Raw data:
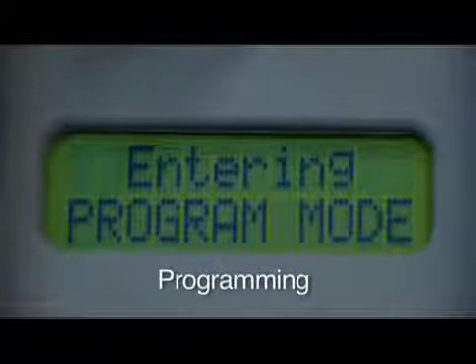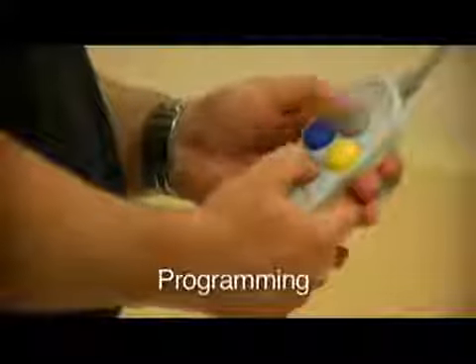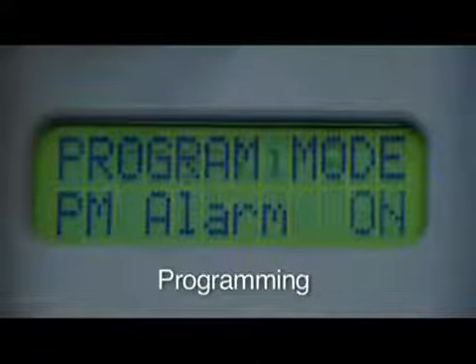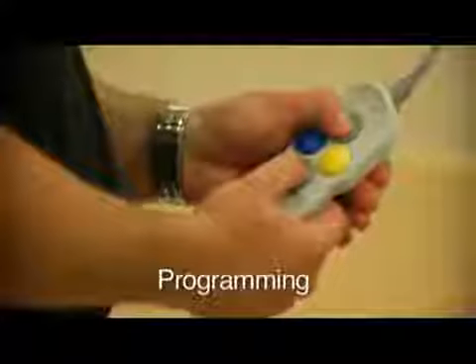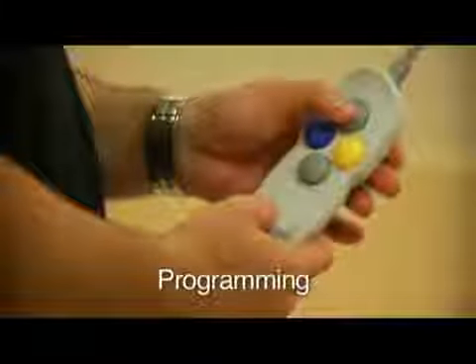To enter into programming mode, press the up and down button simultaneously. Use the up or down arrow to review your options, and then to save a change, press the up and down arrows at the same time. The unit will beep if the change is accepted, then it will go back to the main programming screen.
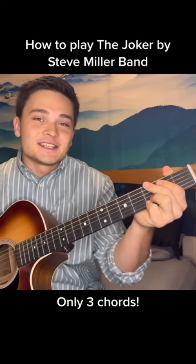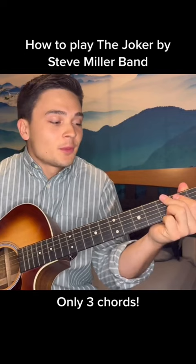Another classic easy one is The Joker by Steve Miller Band. You only need a G, Cadd9, and a D.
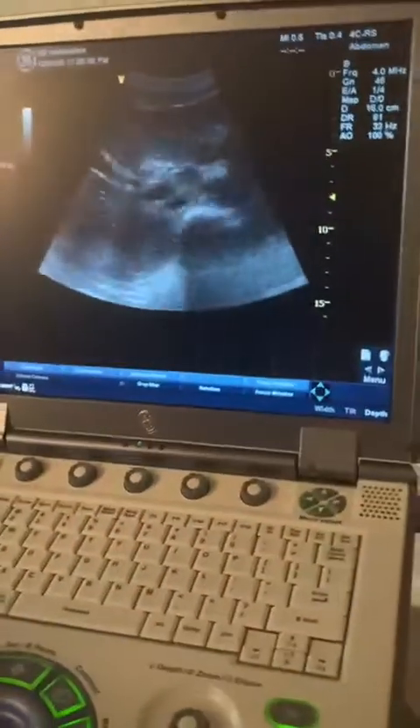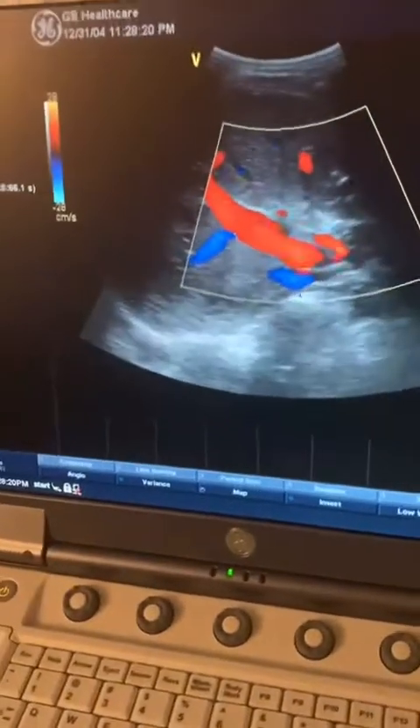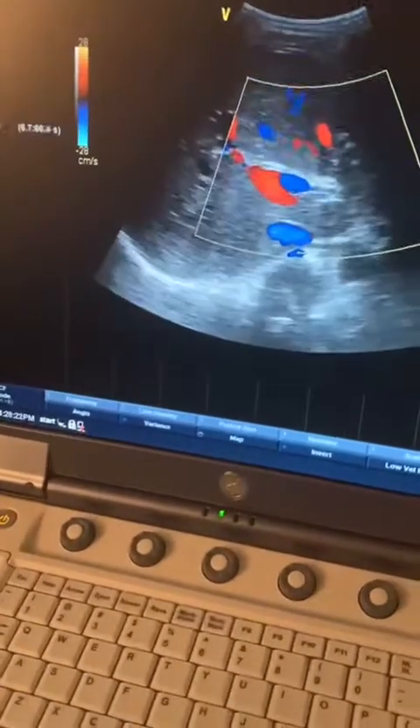Another vessel you want to look at when doing this exam — again, I love to go in between the ribs to get my images. The reason I like to do that is you can be very nicely parallel to the vessel when getting your waveform. In this case, I'm working on the hepatic artery.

Task to carry out:
Once the pictures are set aside, repeat the data above exactly as written.

Result of the exercise:
To enter into programming mode, press the up and down button simultaneously. Use the up or down arrow to review your options, and then to save a change, press the up and down arrows at the same time. The unit will beep if the change is accepted, then it will go back to the main programming screen.
Another classic easy one is The Joker by Steve Miller Band. You only need a G, Cadd9, and a D.
Another vessel you want to look at when doing this exam — again, I love to go in between the ribs to get my images. The reason I like to do that is you can be very nicely parallel to the vessel when getting your waveform. In this case, I'm working on the hepatic artery.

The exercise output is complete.